• [EXTRACTED DATA]
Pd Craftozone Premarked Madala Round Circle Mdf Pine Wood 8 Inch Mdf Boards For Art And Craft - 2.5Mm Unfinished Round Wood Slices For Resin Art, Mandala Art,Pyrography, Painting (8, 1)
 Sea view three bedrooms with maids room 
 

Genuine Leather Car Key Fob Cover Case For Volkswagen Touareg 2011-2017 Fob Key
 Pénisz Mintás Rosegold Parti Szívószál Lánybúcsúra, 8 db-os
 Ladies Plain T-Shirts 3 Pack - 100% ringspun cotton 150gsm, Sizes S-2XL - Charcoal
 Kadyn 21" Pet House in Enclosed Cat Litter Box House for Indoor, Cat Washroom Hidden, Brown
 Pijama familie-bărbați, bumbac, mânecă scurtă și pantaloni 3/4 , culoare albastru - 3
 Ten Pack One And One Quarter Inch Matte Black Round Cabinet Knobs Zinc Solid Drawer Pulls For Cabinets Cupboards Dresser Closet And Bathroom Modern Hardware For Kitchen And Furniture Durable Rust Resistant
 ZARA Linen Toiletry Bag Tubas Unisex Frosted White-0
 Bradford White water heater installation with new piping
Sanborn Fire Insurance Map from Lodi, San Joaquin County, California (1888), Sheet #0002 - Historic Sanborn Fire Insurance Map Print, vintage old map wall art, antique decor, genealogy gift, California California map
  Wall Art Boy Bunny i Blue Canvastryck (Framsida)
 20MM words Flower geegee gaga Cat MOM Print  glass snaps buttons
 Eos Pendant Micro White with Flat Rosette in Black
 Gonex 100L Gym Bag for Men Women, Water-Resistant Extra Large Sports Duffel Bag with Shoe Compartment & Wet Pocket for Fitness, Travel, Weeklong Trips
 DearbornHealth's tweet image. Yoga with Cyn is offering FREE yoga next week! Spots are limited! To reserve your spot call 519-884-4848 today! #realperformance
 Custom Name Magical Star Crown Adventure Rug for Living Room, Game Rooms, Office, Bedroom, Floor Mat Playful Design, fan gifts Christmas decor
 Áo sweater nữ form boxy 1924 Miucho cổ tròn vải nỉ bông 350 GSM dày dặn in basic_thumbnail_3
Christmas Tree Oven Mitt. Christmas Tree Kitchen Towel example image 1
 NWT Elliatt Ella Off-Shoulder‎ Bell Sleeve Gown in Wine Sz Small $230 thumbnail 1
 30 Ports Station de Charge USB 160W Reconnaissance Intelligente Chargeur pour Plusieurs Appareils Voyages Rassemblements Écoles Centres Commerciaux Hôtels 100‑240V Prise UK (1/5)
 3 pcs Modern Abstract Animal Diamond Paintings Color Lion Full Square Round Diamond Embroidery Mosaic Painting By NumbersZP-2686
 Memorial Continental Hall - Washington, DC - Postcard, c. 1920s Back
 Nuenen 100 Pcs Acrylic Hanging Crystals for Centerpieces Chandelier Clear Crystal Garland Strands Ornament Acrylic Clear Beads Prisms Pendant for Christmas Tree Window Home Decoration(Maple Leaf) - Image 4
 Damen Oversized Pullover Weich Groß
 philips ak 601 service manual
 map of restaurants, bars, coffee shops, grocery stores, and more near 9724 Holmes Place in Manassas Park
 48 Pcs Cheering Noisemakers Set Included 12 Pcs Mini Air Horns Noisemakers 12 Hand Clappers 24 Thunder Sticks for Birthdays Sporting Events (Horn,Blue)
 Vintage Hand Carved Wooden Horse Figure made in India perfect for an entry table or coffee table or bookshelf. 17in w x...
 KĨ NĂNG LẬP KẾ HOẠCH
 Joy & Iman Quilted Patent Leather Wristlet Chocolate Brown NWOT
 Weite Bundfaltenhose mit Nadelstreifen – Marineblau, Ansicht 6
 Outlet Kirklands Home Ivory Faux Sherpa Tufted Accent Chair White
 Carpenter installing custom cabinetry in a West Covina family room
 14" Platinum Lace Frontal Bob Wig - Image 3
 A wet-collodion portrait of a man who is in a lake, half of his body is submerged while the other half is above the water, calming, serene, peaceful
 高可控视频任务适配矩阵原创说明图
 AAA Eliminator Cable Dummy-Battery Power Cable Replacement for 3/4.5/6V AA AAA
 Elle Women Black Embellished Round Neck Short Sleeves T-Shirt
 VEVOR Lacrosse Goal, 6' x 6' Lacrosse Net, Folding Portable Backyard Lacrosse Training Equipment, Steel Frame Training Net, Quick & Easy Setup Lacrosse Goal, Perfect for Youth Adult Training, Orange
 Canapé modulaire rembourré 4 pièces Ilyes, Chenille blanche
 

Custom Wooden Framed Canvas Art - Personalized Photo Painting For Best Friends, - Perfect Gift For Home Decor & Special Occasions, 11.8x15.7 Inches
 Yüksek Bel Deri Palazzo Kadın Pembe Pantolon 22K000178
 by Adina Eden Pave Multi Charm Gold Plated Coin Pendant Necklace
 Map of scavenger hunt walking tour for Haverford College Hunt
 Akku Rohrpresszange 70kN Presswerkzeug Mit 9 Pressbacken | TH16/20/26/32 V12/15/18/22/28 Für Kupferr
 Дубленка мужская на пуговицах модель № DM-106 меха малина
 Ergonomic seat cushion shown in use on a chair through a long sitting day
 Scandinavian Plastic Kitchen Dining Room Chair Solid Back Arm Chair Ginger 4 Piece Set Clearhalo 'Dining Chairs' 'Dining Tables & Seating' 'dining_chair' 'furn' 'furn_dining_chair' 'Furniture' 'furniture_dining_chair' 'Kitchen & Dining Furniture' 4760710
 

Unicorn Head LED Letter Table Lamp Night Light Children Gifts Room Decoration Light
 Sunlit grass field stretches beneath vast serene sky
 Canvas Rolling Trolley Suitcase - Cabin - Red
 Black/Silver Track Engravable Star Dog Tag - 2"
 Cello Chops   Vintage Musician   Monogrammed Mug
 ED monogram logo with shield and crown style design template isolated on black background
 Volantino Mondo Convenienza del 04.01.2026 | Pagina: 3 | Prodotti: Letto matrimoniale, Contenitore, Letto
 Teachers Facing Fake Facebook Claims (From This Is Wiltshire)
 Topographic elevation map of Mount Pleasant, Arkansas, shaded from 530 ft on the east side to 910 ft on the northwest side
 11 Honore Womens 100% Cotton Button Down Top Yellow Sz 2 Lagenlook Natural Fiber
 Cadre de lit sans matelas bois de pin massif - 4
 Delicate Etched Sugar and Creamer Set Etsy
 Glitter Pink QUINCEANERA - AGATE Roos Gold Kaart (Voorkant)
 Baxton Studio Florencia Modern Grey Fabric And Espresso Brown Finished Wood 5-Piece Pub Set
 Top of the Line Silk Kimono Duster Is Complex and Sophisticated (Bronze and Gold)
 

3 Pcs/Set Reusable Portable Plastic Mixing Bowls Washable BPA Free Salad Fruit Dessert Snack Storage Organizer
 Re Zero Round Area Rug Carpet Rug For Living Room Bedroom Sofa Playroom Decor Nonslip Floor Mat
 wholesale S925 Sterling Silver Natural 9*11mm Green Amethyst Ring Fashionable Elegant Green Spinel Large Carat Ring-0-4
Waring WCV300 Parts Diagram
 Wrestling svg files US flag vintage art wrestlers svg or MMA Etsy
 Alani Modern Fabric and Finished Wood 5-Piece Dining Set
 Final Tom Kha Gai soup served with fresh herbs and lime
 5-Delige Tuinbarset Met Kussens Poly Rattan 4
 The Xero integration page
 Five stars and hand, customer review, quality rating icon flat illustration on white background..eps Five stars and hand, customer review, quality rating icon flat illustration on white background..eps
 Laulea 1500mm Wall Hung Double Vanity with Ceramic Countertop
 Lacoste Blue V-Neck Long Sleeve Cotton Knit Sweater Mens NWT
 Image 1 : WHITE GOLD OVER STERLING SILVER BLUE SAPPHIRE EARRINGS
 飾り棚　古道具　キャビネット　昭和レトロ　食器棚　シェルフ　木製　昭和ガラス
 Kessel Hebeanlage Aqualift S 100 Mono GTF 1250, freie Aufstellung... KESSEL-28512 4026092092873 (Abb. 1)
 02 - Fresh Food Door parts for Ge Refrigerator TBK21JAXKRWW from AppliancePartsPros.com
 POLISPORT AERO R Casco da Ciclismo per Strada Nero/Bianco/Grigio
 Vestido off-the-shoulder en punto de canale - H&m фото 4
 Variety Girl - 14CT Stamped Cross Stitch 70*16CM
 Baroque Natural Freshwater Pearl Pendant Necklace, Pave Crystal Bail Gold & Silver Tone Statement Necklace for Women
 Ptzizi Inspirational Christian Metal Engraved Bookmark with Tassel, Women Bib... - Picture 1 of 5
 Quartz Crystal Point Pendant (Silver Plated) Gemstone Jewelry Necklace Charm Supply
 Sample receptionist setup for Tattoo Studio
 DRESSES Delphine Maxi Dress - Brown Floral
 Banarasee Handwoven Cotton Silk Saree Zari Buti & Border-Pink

• [REQUIREMENT] Return only the lines between the one holding "Custom Wooden Framed" and the one holding "Ergonomic seat cushion", inclusive, exactly as they appear above.

• [EXERCISE ANSWER]
Custom Wooden Framed Canvas Art - Personalized Photo Painting For Best Friends, - Perfect Gift For Home Decor & Special Occasions, 11.8x15.7 Inches
 Yüksek Bel Deri Palazzo Kadın Pembe Pantolon 22K000178
 by Adina Eden Pave Multi Charm Gold Plated Coin Pendant Necklace
 Map of scavenger hunt walking tour for Haverford College Hunt
 Akku Rohrpresszange 70kN Presswerkzeug Mit 9 Pressbacken | TH16/20/26/32 V12/15/18/22/28 Für Kupferr
 Дубленка мужская на пуговицах модель № DM-106 меха малина
 Ergonomic seat cushion shown in use on a chair through a long sitting day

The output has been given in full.